En este haiku Santôka no se reconoce más que como una forma en el agua. Hay también un juego de palabras en el original japonés, donde reflejo admite asimismo ser traducido como sombra: alguien que viaja con un espinoso pasado a cuestas −una mochila pesada, como diríamos en occidente− pero sin embargo pasa, ingrávido, ligero, en ese reflejo.
Recojo y alzo hacia la luna
la luminosidad del agua.

Los traductores proponen que éste debe ser un haiku «que nos exija recogerlo en la cuenca de nuestras manos». Probablemente Santôka iba a beberse el agua, la recoge, la alza, la separa de la tierra, la eleva del mundo para fusionar su luminosidad con la de la luna, para beberse, junto con el agua, el reflejo de la luna.
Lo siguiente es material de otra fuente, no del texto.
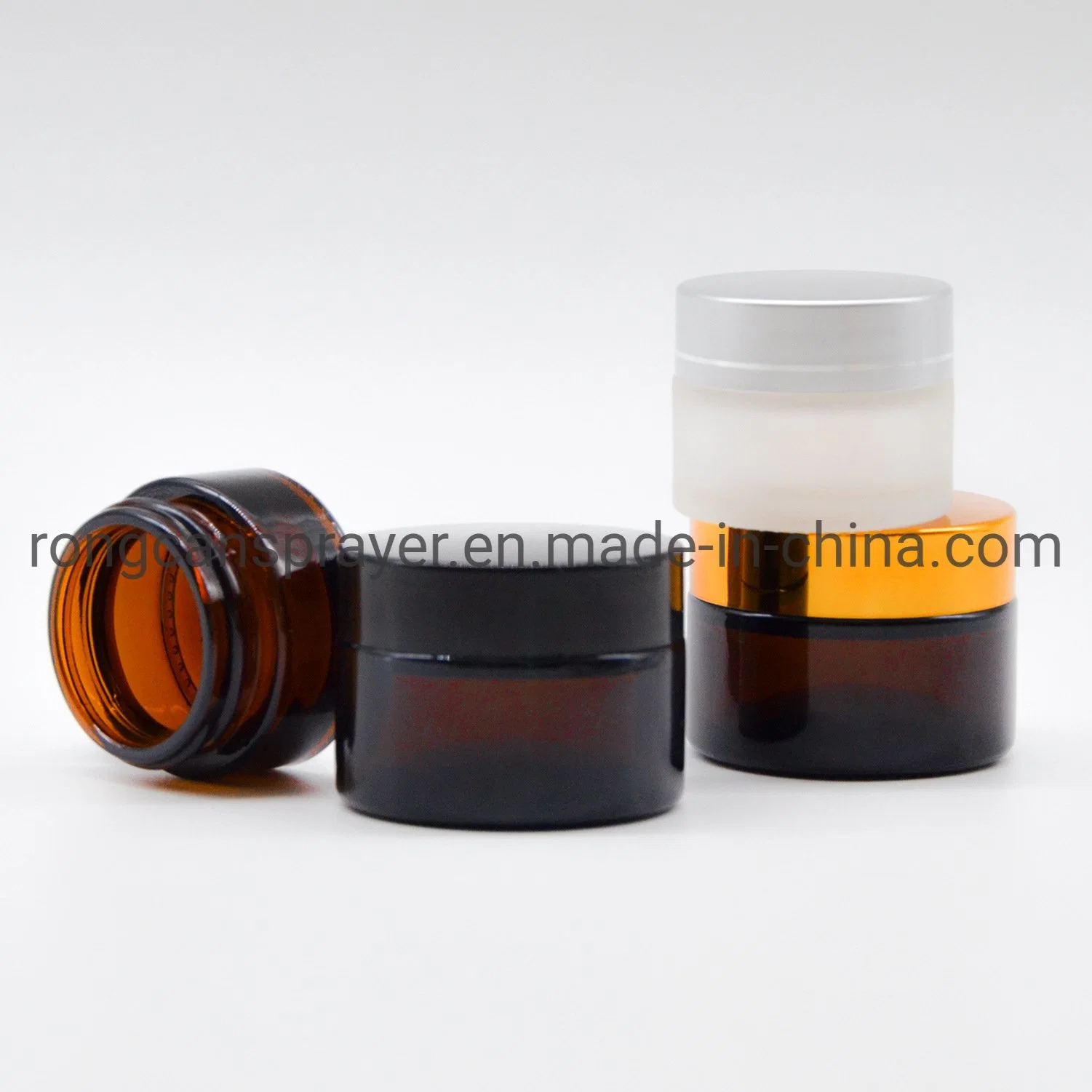 High Quality 30ml 50ml 100ml Colored Body Face Cream Jar Round Cosmetic Glass Jar with Screw Lid Metal Lid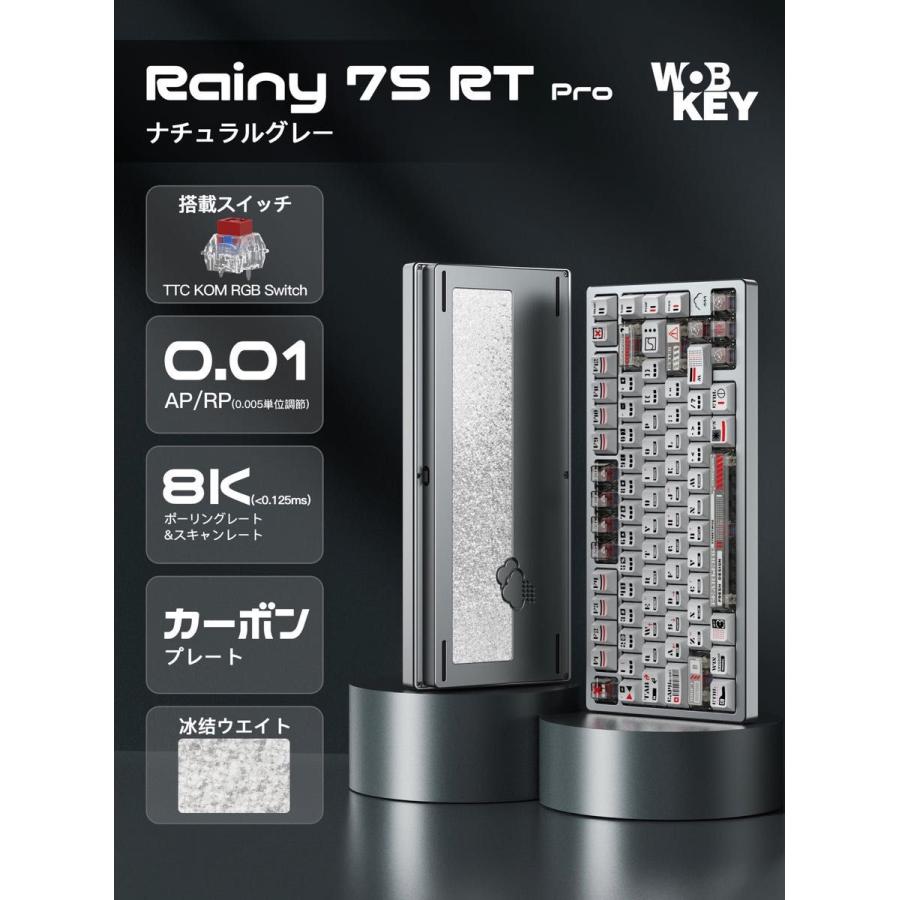【新品】WOBKEY Rainy75 RT Proモデル ナチュラルグレー WOBKEY Rainy75 RT Pro PRT75GREY [ナチュラルグレー] 価格比較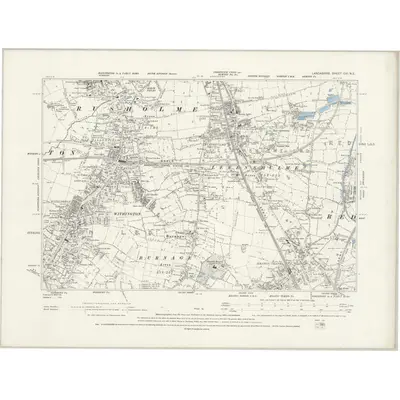 1889 Map of Lancashire CXI.NE, 1894 Print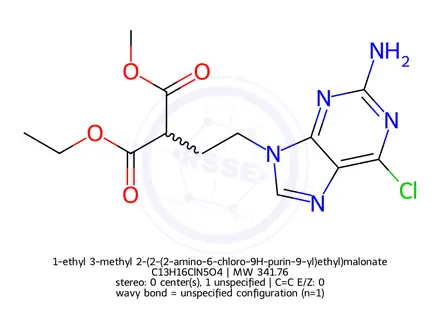 Chemical structure of 1-ethyl 3-methyl 2-(2-(2-amino-6-chloro-9H-purin-9-yl)ethyl)malonate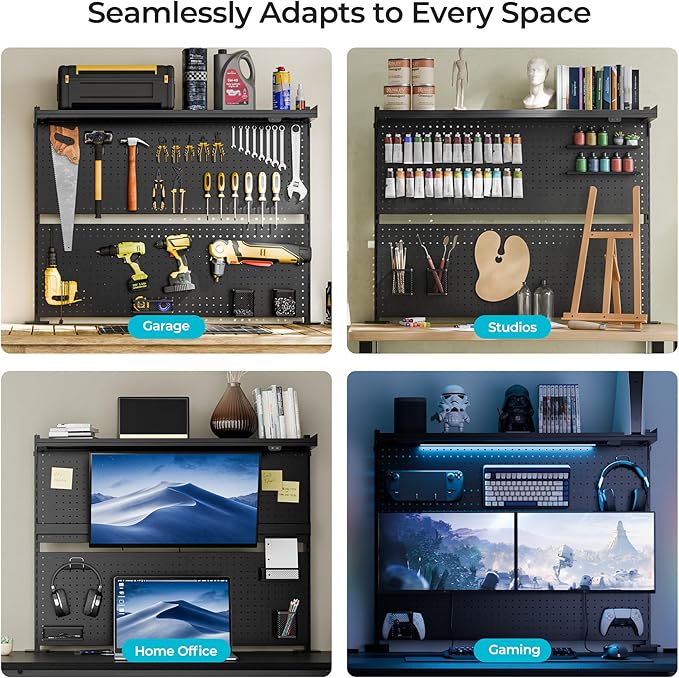 EUREKA ERGONOMIC Desk Pegboard Dual Monitor Stand 43x34 Black | Steel pegboard with dual monitor stands, privacy panel and 4 modular accessories for organized gaming and office setups
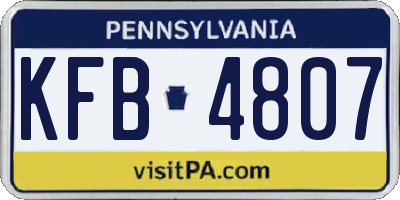 PA license plate KFB4807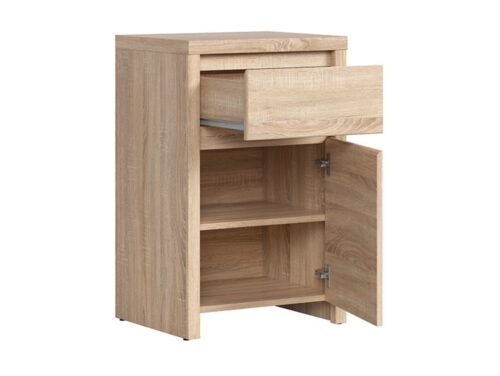 KASPIAN kumode ar vienām durvīm un atvilktni, 49 cm, Sonoma ozols/Sonoma ozols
No dejaremos de mencionar, por su carácter de necesario, la estulticia del occidental que intenta transmutar una metáfora cualquiera en dos o tres frases creyéndose (y pretendiendo que otros así lo crean) que ha «fabricado» un haiku: en esa impronta de la medida se esfuma la esencia de la poesía al mismo tiempo que se revela un ímpetu acaparador que traiciona la belleza del gesto. Nada más alejado del haiku que el cálculo occidental. Sobran ejemplos.

La lectura del haiku −como cualquier ejercicio de despertar− no puede ser apresurada, a riesgo de no oír lo que en él se dice. En el prólogo del libro El monje desnudo2, Chantal Maillard propone detenerse en cada uno de ellos el tiempo suficiente «para que las ondas concéntricas le alcancen y ensanchen en su pecho el lugar de resonancia.»
Exactamente el mismo lugar donde concluye la senda del peregrino Santôka.


1 Maurice Coyaud, Hormigas sin sombra, DVD ediciones, Barcelona, 2005.
2 Chantal Maillard, «Orinar en la nieve» en El monje desnudo, 100 haikus de Taneda Santôka. Miraguano Ediciones, Madrid, 2006.